** Requirement **
Using the entries below, write out the line with "Drag Story Hour", the line with "Miniatyrbild 1 av", and every line in between, exactly as each is written.
---------- Records for processing
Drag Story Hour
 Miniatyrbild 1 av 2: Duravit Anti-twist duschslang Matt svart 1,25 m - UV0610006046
--------------------
---------- Records for processing
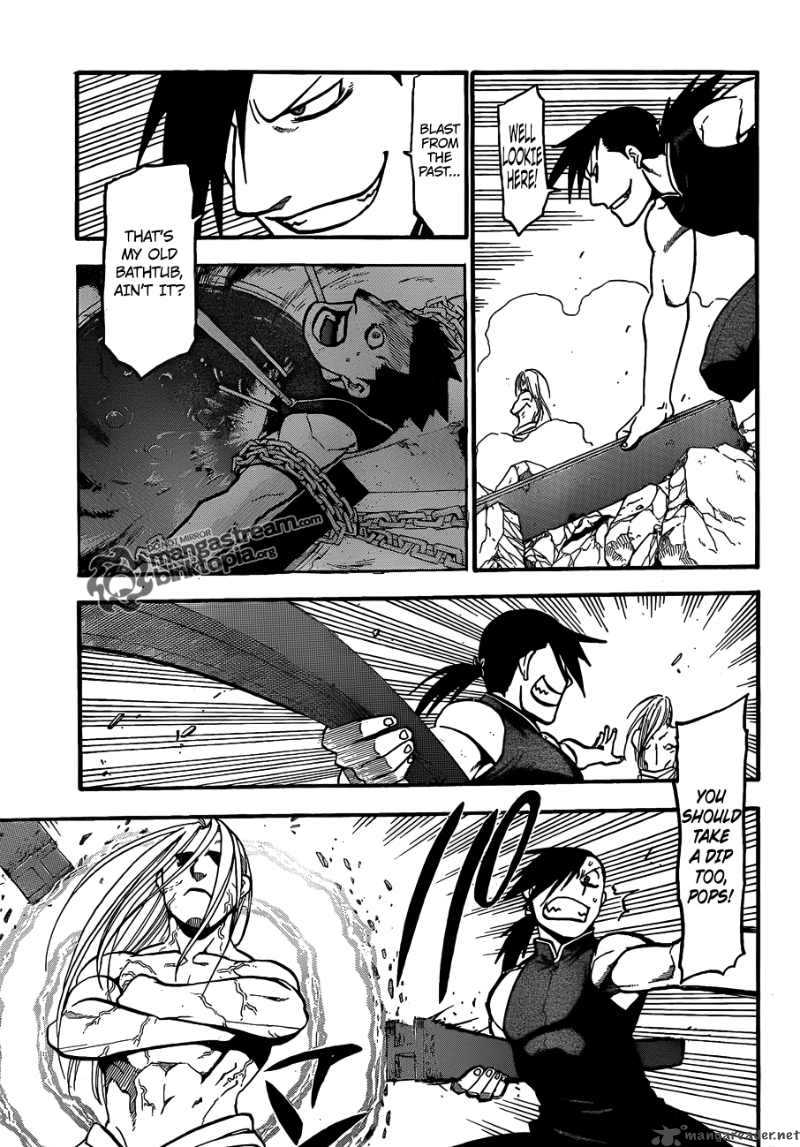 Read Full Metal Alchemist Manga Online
--------------------
---------- Records for processing
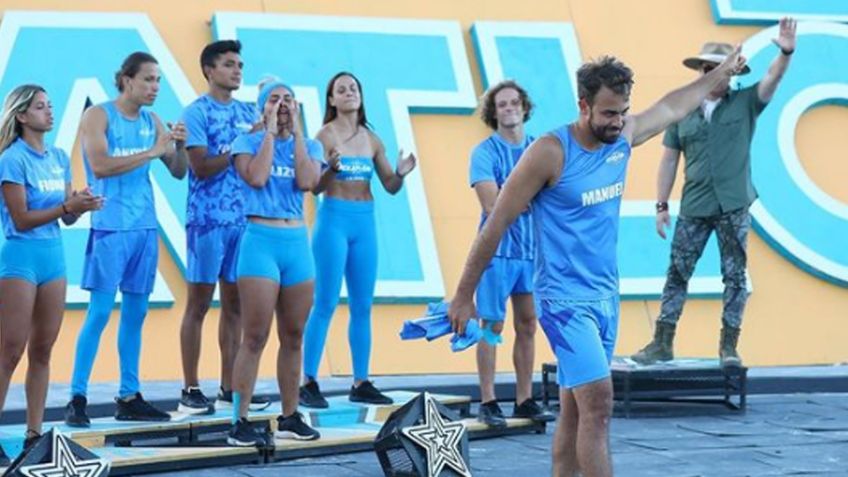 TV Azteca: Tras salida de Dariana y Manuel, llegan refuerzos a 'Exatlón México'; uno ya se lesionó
--------------------
** Solution to this problem **
Drag Story Hour
 Miniatyrbild 1 av 2: Duravit Anti-twist duschslang Matt svart 1,25 m - UV0610006046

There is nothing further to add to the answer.